Charlize Theron hasn't let her astonishing beauty stand in her way. From serial killers to dysfunctional mothers, Carole Cadwalladr meets a Hollywood pin-up happy to play ugly .

 

When Charlize Theron appears on screen in her new film, Hancock, it’s as the archetypal soccer mom, a vision of all-American apple-pie goodness, blonde and peachy, wearing a look of tender concern towards her blonde and peachy son. She looks as if she was born for the part, raised on a diet of milk and cookies in the suburbs before setting off for Hollywood. Which just goes to show. She has the looks and the accent, but English isn’t even her first language; she’s actually an Afrikaner from small-town South Africa. She grew up under apartheid. When she was 15 years old, her mother gunned down her alcoholic father on the family smallholding after he turned violent.

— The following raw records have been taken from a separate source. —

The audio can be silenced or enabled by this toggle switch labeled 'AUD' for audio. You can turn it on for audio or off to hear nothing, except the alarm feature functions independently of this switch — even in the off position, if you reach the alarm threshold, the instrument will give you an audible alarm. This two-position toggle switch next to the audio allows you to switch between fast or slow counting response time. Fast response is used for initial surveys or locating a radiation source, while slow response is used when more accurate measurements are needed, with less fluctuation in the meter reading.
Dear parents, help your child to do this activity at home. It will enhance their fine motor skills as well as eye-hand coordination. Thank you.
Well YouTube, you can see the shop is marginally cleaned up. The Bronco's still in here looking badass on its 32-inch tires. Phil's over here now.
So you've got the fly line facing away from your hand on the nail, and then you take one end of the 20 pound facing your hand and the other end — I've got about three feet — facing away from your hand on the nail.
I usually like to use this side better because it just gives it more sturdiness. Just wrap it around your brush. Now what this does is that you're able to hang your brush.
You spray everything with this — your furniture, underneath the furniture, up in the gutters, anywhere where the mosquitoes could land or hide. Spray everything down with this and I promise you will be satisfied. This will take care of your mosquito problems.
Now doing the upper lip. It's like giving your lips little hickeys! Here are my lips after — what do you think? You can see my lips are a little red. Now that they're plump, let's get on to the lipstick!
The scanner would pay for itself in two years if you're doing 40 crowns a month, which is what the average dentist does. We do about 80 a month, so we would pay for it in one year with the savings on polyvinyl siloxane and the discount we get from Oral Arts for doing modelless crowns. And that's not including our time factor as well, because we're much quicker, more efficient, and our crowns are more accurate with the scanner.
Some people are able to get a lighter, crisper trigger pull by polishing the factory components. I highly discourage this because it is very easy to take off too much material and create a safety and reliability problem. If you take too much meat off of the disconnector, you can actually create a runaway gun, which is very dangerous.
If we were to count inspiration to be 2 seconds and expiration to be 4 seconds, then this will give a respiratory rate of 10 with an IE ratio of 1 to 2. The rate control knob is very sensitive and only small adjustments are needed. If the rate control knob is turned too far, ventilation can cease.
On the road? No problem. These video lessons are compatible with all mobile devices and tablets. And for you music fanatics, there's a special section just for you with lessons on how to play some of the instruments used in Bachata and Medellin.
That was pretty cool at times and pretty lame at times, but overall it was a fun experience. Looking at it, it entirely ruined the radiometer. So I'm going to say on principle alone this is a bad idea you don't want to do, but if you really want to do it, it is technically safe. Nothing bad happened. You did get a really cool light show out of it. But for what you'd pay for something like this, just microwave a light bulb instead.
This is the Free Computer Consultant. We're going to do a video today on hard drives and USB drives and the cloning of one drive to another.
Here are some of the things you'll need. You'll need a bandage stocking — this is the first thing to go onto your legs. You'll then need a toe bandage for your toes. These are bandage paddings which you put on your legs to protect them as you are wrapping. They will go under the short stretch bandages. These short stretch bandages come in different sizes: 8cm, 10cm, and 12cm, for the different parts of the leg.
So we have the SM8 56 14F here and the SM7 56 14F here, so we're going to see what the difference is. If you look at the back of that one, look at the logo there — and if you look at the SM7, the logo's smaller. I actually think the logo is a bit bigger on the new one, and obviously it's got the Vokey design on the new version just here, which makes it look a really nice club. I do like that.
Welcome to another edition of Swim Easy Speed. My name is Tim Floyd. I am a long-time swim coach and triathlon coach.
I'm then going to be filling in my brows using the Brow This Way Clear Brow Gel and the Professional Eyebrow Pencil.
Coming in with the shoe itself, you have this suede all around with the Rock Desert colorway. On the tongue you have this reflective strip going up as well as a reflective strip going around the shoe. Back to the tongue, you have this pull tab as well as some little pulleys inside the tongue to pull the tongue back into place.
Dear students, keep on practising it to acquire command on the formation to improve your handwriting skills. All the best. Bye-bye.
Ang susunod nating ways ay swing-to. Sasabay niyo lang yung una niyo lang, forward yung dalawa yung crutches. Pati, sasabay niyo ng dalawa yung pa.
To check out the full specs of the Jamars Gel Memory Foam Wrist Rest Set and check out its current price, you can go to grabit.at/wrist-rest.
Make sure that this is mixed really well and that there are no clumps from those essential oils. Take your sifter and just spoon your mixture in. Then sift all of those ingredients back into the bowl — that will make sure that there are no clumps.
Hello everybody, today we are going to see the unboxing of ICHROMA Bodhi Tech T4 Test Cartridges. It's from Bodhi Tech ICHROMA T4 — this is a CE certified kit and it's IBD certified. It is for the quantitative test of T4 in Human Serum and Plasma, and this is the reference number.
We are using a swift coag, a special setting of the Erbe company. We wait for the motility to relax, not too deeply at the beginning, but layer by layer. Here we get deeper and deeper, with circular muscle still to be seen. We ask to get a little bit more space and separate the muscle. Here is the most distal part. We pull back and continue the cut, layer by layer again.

So much for soccer mom. But then Theron’s cheesecake looks are always a bit of a red herring. She’s known for her beauty – how could she not be? When she walks into a room she reduces everyone else to hobbits – but she’s better known for her acting. Her looks marked her out for a lifetime of girlfriend roles, like those she played in The Cider House Rules or The Italian Job, but then in 2003 along came Monster and an Oscar for her terrifying portrayal of serial killer Aileen Wuornos.

At times, talking to her, it feels as she’s a double agent in deep cover. As if there’s not one Charlize Theron, but at least two, if not a few more. Even her choice of films seems like the Charlizes are all in conflict with one another. Her recent appearances have been in small indies on politically contentious topics – In The Valley of Elah, about returning soldiers from Iraq, Battle in Seattle, about the anti-globalisation riots, and Sleepwalking, about a woman who abandons her child.

And now there’s Hancock, a major studio picture starring perhaps the most major studio star around, Will Smith, as an antisocial superhero. It’s all set to be this summer’s blockbuster – which makes it sound like dross, whereas it’s actually smart and funny, but about a million times more commercial than anything she’s done in recent times.

You keep your audience guessing, I tell her. ‘I keep myself guessing. I get bored so quickly. I just really liked the material. And the girl was cool. I wasn’t ticking any boxes. I just try and do good material and how it gets made is secondary… And anyway, it’s really nice to get a decent pay cheque.’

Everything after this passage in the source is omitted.